**YOUR OBJECTIVE:** Output each record exactly, excluding pictures.

**DATASET EXTRACT:**

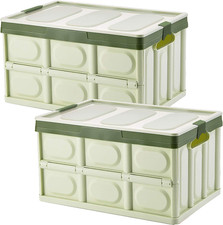 Collapsible Storage Bins 2 Pack 30L - Lidded Plastic Tote Container with Stackab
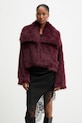 Answear.LAB płaszcz bez kaptura bordowy SNG.150.TMS
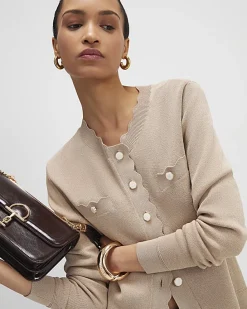 Brown Knit Fitted Scallop Trim Cardigan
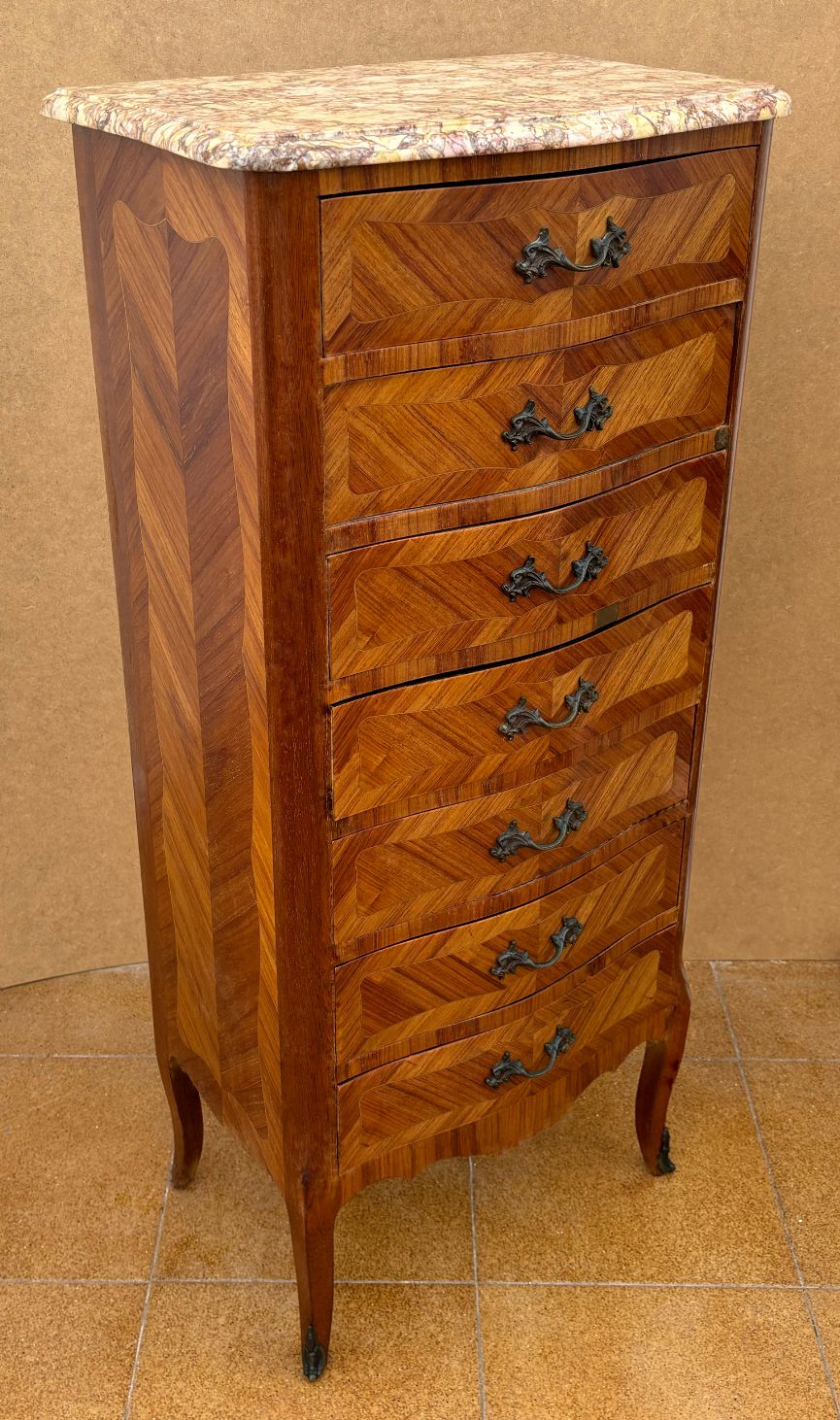 Franse Marqueterie Ladekast Met Marmeren Blad, Zeven Lades photo Meubels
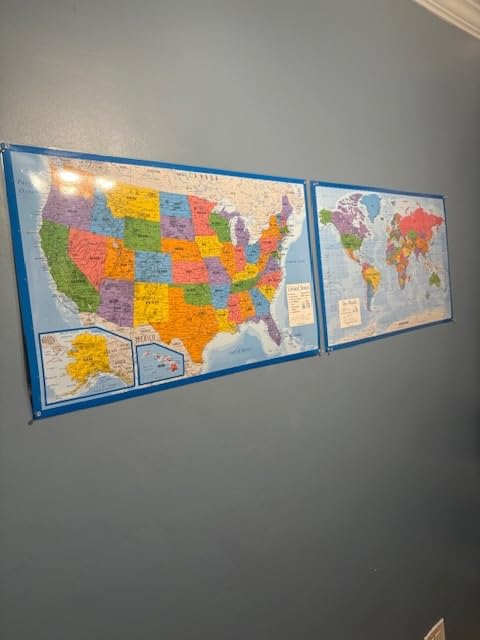 Laminated World Map & US Map Poster Set - 18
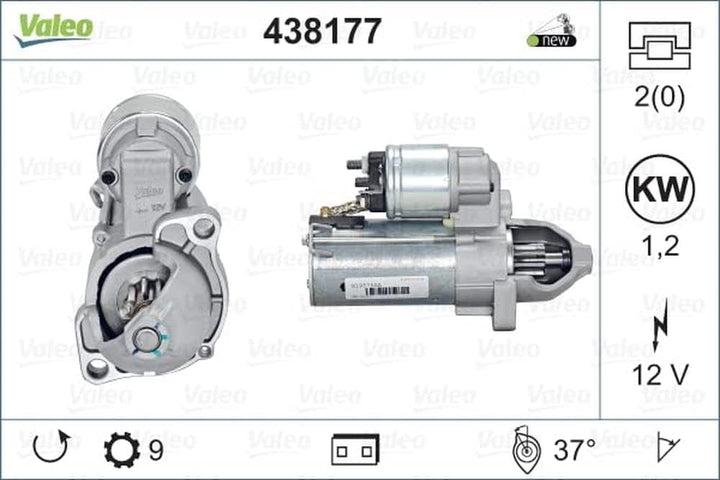 VALEO 438177 Starter Nennleistung: 1,2 kW Stop & Start: NO Zähnezahl: 9 zähne Spannung: 12 V Drehric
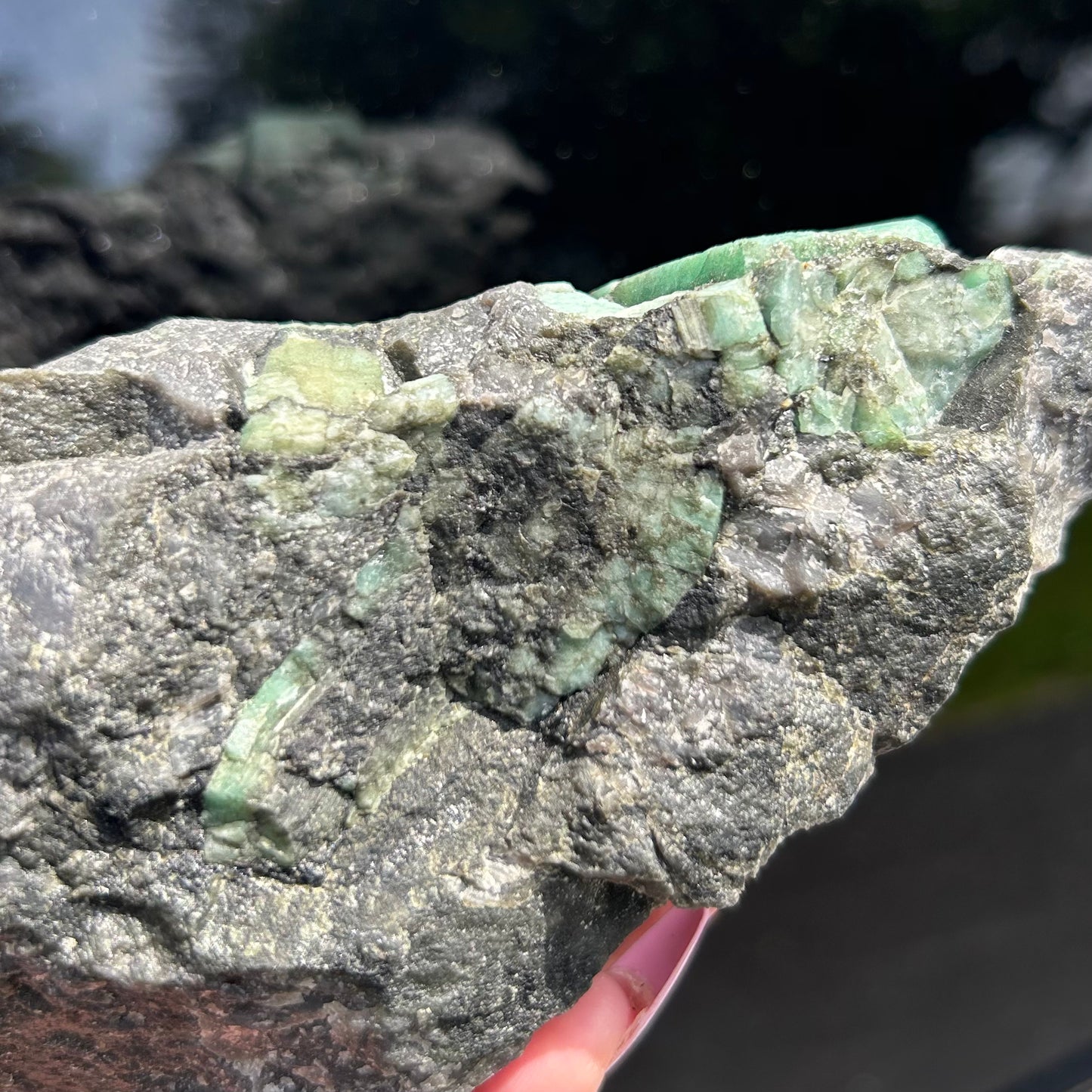 Large Green Emerald in Matrix from Brazil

**OUTPUT FOR THIS TASK:**
 Collapsible Storage Bins 2 Pack 30L - Lidded Plastic Tote Container with Stackab
 Answear.LAB płaszcz bez kaptura bordowy SNG.150.TMS
 Brown Knit Fitted Scallop Trim Cardigan
 Franse Marqueterie Ladekast Met Marmeren Blad, Zeven Lades photo Meubels
 Laminated World Map & US Map Poster Set - 18
 VALEO 438177 Starter Nennleistung: 1,2 kW Stop & Start: NO Zähnezahl: 9 zähne Spannung: 12 V Drehric
 Large Green Emerald in Matrix from Brazil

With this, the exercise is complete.